All of the above bring me to the issue I ran into. If you read Trixie’s article over at OS4Coding.net you know that instead of using OpenLibrary() to open ReAction Classes we should use OpenClass() to open the ReAction Classes. Besides returning the class library base (which we store in WindowBase) it will also return something called the class pointer. Have a look at the below code.

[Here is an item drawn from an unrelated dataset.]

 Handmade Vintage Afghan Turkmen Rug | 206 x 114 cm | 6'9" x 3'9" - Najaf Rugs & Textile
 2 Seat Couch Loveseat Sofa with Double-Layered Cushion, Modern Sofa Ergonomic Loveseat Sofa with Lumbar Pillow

struct ClassLibrary *WindowBase = NULL;
WindowBase = IIntuition->OpenClass(“window.class”, 50, &WindowClass);
if (WindowBase != NULL)
printf (“We opened the Window Class Library!!\n”);
printf (“We failed opening the Window Class Library!!\n”);
As you can see we open the Window class and with it the class pointer. My question about this is that when we check if we opened the Window class do we also need to check if we got the pointer and if so how? Or can we assume that if we succeed in opening the Window class we also have successfully got the class pointer? I assume the last is the case. If we successfully opened the Window class we will also have successfully got the class pointer. Let’s say the system is not capable of storing the class pointer in &WindowClass for whatever reason it will mark it as failing to open the Window class and the WindowBase value would be NULL. I am not 100% sure about this but for now I will assume this is the case. I am still trying to figure this out by speaking to some OS4 programmers and once I got the final answer I will let you all know.

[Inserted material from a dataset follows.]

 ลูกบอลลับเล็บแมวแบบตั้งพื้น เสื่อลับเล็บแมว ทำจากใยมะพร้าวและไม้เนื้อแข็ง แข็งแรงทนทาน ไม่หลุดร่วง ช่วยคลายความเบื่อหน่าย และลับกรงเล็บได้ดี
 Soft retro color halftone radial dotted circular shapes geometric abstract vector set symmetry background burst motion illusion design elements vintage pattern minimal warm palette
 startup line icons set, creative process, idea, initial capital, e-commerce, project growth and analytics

The subject says it all about my new project; what it is and what the name is. For some time already I am thinking about what my next project should be. I started on a file manager project some months ago but stopped with it after running into some issues with ReAction. I got that stuck I just left it for what it was. But after reading Trixie’s articles about how to proper use ReAction over at OS4Coding I got a burst of new energy to attack ReAction again. When trying to come up with a new project I kept coming back to the file manager and since I got a better understanding of ReAction thanks to Trixie I concluded to give it another try. Why the name Redhouse? I tribute to Alan Redhouse because without him I would not be programming on OS4 or even having this blog.

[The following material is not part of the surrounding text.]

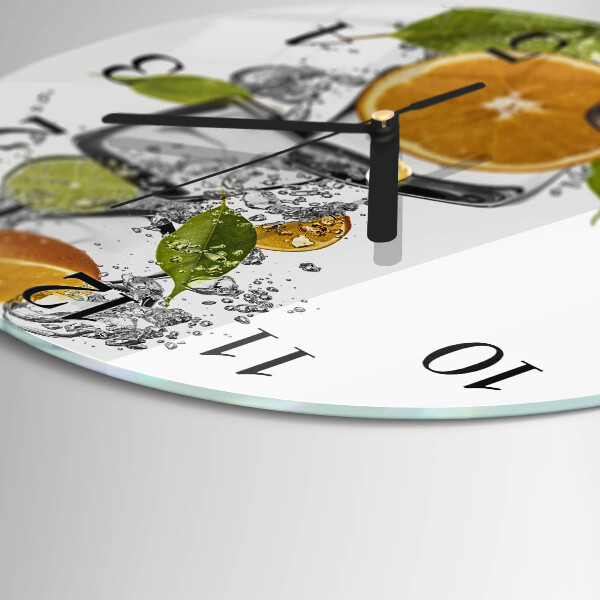 Wanduhr rund Zitrusfrüchte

DiskMaster has always been my favourite file manager. Even now on OS4 I still use it a lot. I always wanted to develop a file manager myself which is now actually going to happen. I am going to provide regular updates about the progress of it but that is not all. I will also show how I do certain things which means I will also show some programming code and explain it. If there is demand for it I might actually go into great details but at first I will do a sort of global explanation. I have to say that I have no clue on how to put it all together but that is also the fun of it. Learning along the way and getting others to experience the same. I will also create the file manager my way which means I might not follow the “correct” way of handling such a project. Planning everything on paper first before even writing a single line of code is not for me. When you follow my articles you will see what I mean. Let the fun begin!